→ Exercise instructions
Find the line that contains "An angled view" in the entries below. Restate it and every line after it, word for word, with no pictures.

++++++

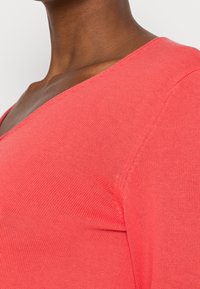 Haut tricot corail avec un design en V. Le tissu présente une fine texture côtelée, mettant en valeur une coupe ajustée et une finition lisse.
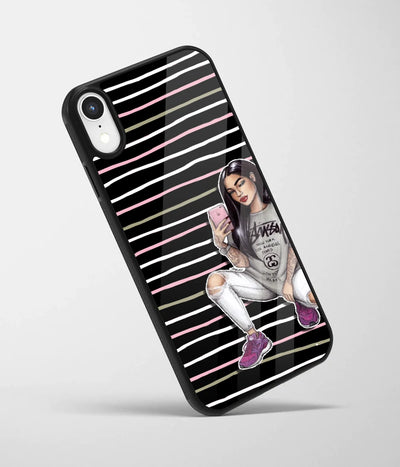 An angled view of a glass phone case featuring a vibrant design.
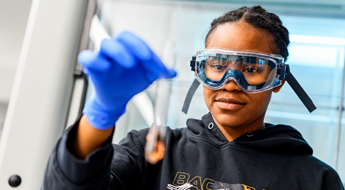 Female student working with test tube in Chemistry Lab. 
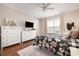 Bedroom with floral bedding, dresser, and large window at 1536 Suncrest Dr., Myrtle Beach, SC 29577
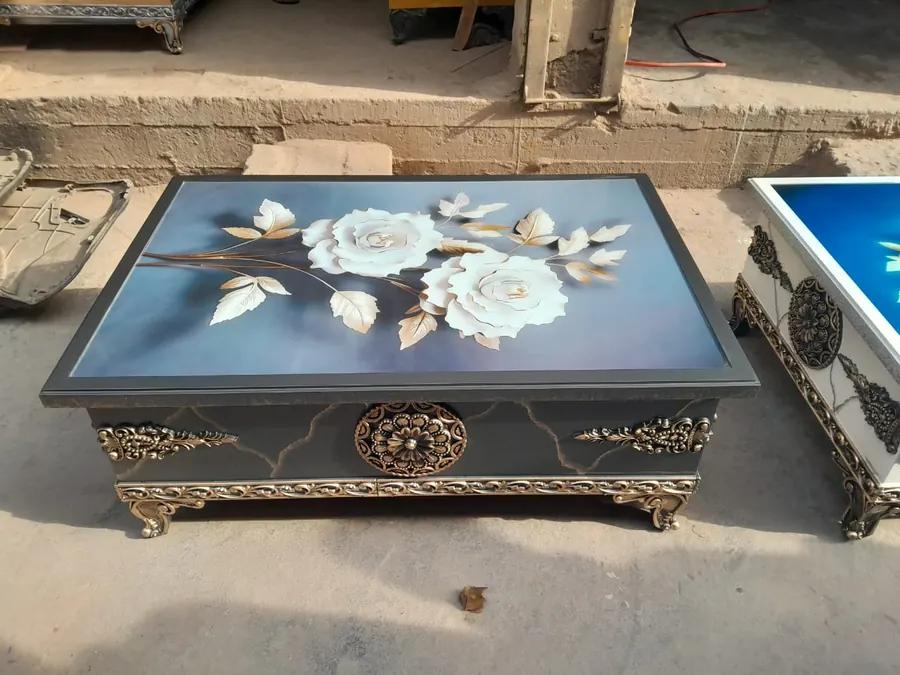 Table top with a decorative floral finish and carved gold trim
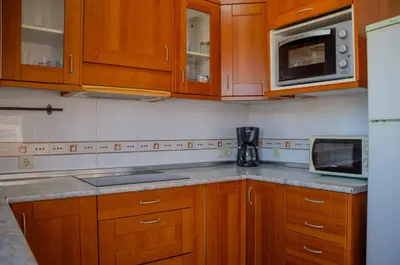 Una cocina o zona de cocina en Trendy Homes Brisamarina Roquetas de Mar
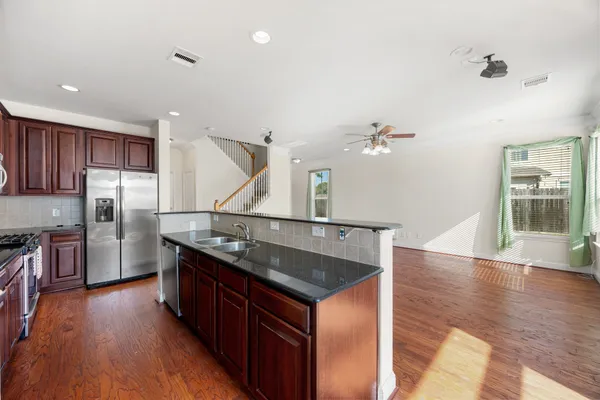 a kitchen with stainless steel appliances granite countertop a sink a stove and refrigerator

++++++

→ Exercise answer
 An angled view of a glass phone case featuring a vibrant design.
 Female student working with test tube in Chemistry Lab. 
 Bedroom with floral bedding, dresser, and large window at 1536 Suncrest Dr., Myrtle Beach, SC 29577
 Table top with a decorative floral finish and carved gold trim
 Una cocina o zona de cocina en Trendy Homes Brisamarina Roquetas de Mar
 a kitchen with stainless steel appliances granite countertop a sink a stove and refrigerator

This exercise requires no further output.